> _Work request_: Repeat exactly, and only, the lines of the entries below from the one with "Antalya Bilim Üniversitesi’nde" through the one with "2.0 TDCI 136pk", both ends included.

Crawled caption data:
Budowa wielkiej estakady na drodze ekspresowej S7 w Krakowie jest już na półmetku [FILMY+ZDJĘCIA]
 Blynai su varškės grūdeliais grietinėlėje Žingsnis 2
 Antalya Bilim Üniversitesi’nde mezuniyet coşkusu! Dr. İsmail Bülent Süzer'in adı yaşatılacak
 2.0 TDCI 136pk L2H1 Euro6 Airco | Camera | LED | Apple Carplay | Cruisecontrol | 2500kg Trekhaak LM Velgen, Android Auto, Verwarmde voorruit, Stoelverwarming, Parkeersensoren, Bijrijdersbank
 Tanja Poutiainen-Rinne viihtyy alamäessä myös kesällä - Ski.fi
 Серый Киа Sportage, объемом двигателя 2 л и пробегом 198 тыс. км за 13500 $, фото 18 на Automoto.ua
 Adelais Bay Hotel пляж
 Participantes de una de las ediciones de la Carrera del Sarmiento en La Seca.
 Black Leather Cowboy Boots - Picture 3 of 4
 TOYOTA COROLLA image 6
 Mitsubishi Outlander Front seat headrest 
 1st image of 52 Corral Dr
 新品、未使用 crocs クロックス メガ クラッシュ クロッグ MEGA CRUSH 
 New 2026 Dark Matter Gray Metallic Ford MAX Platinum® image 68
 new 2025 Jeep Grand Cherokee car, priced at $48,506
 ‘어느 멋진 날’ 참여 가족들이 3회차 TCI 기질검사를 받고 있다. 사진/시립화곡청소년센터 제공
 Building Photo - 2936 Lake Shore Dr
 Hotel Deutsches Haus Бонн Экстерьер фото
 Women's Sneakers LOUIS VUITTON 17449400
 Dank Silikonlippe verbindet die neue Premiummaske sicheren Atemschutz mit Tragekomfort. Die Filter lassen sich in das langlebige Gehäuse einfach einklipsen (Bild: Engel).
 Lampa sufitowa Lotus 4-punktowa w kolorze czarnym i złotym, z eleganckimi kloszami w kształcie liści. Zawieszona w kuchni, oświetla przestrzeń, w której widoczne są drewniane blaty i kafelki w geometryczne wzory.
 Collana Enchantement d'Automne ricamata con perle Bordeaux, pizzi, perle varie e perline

> _Written answer_:
 Antalya Bilim Üniversitesi’nde mezuniyet coşkusu! Dr. İsmail Bülent Süzer'in adı yaşatılacak
 2.0 TDCI 136pk L2H1 Euro6 Airco | Camera | LED | Apple Carplay | Cruisecontrol | 2500kg Trekhaak LM Velgen, Android Auto, Verwarmde voorruit, Stoelverwarming, Parkeersensoren, Bijrijdersbank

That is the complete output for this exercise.